Start of Stored data

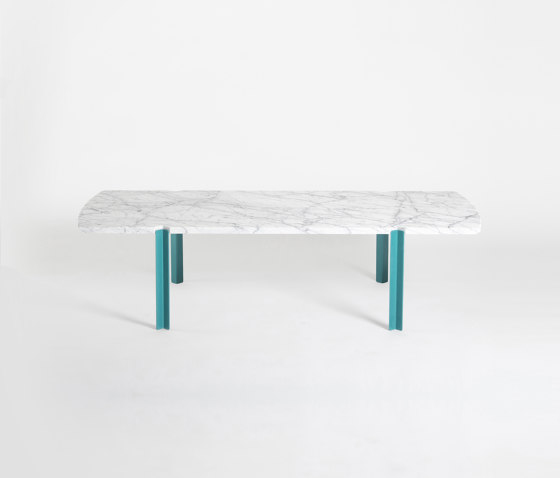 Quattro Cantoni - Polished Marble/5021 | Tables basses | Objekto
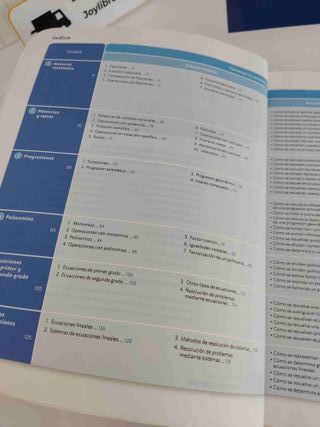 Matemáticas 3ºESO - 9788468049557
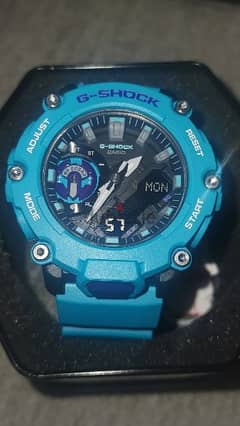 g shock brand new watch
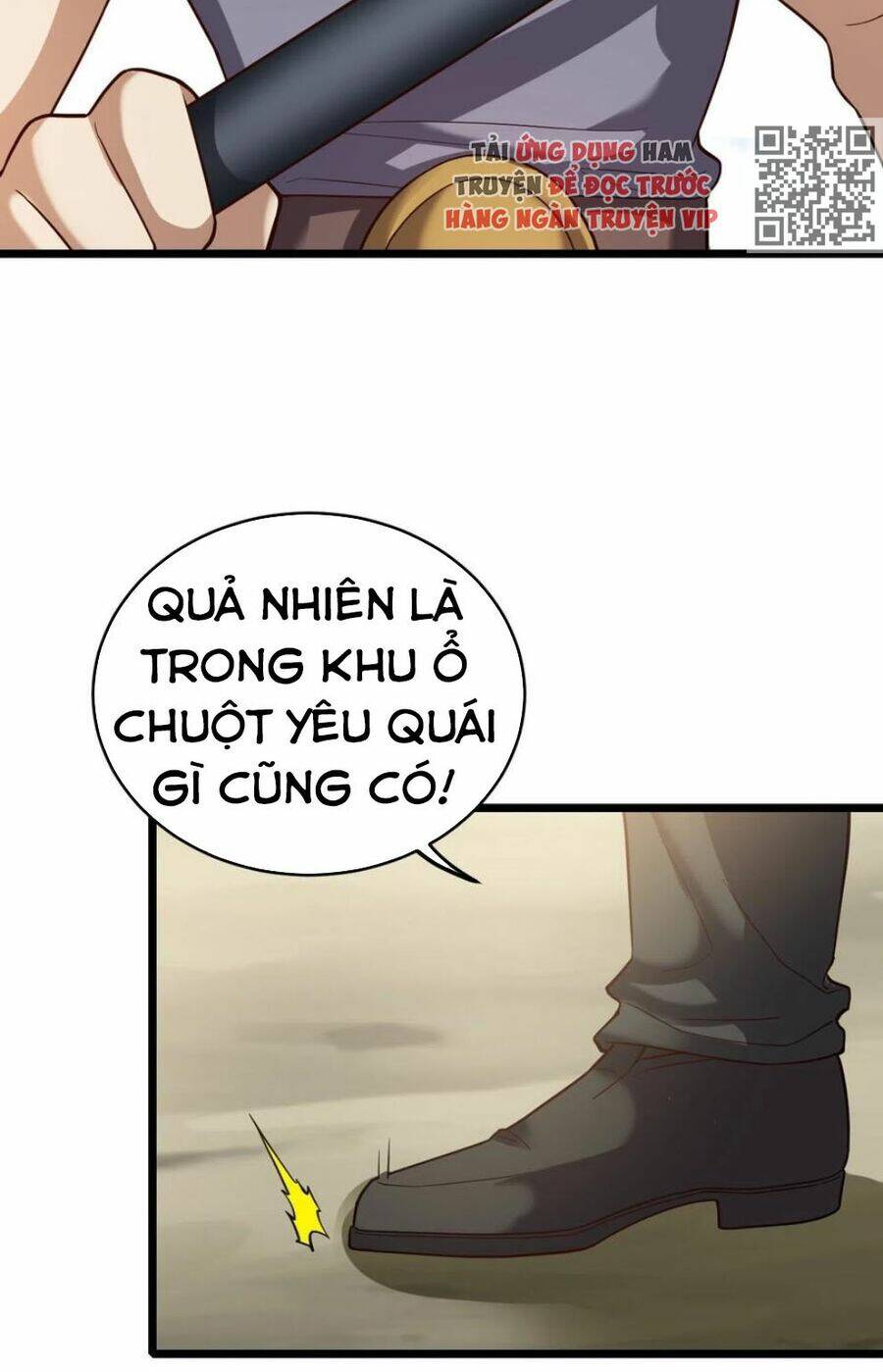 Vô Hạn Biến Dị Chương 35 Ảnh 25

End of Stored data

#### What needs to be done
Copy the listing verbatim, omitting images.

#### Written reply
 Quattro Cantoni - Polished Marble/5021 | Tables basses | Objekto
 Matemáticas 3ºESO - 9788468049557
 g shock brand new watch
 Vô Hạn Biến Dị Chương 35 Ảnh 25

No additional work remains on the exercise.